Hardware-level micro-op optimization

Posted Jul 12, 2018 18:57 UTC (Thu) by corbet (editor, #1)
In reply to: Hardware-level micro-op optimization by ncm
Parent article: Spectre V1 defense in GCC

> However, a hardware-level optimization to make a conditional move unconditional because
> the optimizer knows nothing has changed the status bit since its last use is not speculation.

If said "last use" was speculative, and thus the state of the condition code is speculative, then using that code for optimization *is* speculation, instead. The whole point is what happens during speculative execution; the instruction is a no-op in the real world. But an instruction that is defined as not being executed speculatively cannot be elided as the result of a speculative branch prediction.

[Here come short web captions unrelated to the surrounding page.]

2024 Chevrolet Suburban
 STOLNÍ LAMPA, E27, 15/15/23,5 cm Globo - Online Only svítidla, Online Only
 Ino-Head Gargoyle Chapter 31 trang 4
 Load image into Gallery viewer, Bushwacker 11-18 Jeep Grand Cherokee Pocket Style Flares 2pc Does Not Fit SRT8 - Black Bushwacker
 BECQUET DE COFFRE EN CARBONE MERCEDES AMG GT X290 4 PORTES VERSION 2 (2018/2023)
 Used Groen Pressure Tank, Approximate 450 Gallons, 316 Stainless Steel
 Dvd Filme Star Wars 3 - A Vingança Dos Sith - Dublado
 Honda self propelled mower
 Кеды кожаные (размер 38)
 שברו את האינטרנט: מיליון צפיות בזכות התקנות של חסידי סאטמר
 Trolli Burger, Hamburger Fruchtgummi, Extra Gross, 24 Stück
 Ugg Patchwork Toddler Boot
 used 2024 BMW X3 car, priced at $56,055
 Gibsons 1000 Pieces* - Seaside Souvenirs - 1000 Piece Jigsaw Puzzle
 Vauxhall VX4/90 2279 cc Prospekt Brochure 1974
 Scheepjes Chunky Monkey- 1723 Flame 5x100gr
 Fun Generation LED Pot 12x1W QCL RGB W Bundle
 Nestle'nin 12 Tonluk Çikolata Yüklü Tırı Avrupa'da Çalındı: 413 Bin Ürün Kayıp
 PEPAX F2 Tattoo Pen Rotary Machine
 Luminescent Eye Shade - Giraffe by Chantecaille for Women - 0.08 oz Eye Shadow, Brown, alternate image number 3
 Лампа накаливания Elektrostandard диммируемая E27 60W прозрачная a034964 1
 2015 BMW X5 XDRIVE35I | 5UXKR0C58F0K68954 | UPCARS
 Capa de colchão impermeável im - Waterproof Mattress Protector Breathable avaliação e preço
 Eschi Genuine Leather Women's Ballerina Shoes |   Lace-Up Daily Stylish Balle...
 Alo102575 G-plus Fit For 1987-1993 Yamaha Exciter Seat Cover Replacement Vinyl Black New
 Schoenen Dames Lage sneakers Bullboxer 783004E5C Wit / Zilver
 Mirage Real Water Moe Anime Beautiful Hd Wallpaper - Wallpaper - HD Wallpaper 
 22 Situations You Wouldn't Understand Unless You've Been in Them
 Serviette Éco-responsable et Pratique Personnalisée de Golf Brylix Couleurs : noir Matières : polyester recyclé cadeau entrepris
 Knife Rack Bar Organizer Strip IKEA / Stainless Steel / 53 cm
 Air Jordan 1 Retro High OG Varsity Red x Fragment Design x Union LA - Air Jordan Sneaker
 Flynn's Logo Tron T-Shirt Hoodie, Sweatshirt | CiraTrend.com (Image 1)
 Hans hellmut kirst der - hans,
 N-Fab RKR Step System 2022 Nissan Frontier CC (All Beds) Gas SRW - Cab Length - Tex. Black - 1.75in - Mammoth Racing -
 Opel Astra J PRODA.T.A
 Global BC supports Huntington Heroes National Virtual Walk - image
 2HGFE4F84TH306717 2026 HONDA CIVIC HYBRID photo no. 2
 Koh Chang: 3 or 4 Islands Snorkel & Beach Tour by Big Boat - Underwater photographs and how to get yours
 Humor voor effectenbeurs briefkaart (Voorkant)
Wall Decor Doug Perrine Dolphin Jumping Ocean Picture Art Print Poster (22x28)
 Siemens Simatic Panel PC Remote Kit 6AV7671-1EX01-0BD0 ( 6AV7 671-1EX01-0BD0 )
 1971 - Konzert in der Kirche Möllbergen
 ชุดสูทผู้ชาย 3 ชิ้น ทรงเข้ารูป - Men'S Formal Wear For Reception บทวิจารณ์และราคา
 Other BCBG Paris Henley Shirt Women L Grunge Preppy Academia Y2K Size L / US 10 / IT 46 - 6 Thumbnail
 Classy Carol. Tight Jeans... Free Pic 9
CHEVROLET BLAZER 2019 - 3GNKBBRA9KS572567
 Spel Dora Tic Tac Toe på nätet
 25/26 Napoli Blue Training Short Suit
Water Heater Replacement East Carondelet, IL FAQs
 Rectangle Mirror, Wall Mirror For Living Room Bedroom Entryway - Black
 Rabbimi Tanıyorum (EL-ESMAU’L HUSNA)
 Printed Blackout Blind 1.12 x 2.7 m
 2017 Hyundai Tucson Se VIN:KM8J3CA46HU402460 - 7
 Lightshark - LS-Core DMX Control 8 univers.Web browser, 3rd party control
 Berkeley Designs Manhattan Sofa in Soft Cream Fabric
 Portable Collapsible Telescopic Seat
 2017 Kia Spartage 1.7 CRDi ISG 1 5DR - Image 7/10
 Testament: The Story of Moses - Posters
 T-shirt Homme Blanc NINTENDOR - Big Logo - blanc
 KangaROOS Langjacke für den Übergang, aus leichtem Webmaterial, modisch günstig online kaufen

Hardware-level micro-op optimization

Posted Jul 12, 2018 23:27 UTC (Thu) by jcm (subscriber, #18262) [Link]

Jon is right in his summary. But the point about uop caching and optimization is still a good one. Multiple efforts are underway in the industry to analyze this part of the front end in more detail for side channels. There are quite a few interesting possibilities I can think of, in particular with abuse of value prediction. I've asked a few research teams to consider looking at how badly people screwed up value predictors.

Hardware-level micro-op optimization

Posted Jul 12, 2018 23:44 UTC (Thu) by ncm (guest, #165) [Link]

I agree, but the op that set the status flag was not a speculative op (unless it was in a block that is itself speculative*); it was a regular check that was supposed to be guarding the block where we inserted the conditional move, with, most likely, no micro-ops between it and the conditional move, thus ideally situated to be made unconditional.

(*Speculation may pile upon speculation, up to the limit of microarchitectural resources.)

Ultimately we will need assurances from vendors that the conditional nature of the move is not, and won't ever be, optimized away. Later, we will want another version of conditional move that we specifically allow to be micro-optimized; but first things first.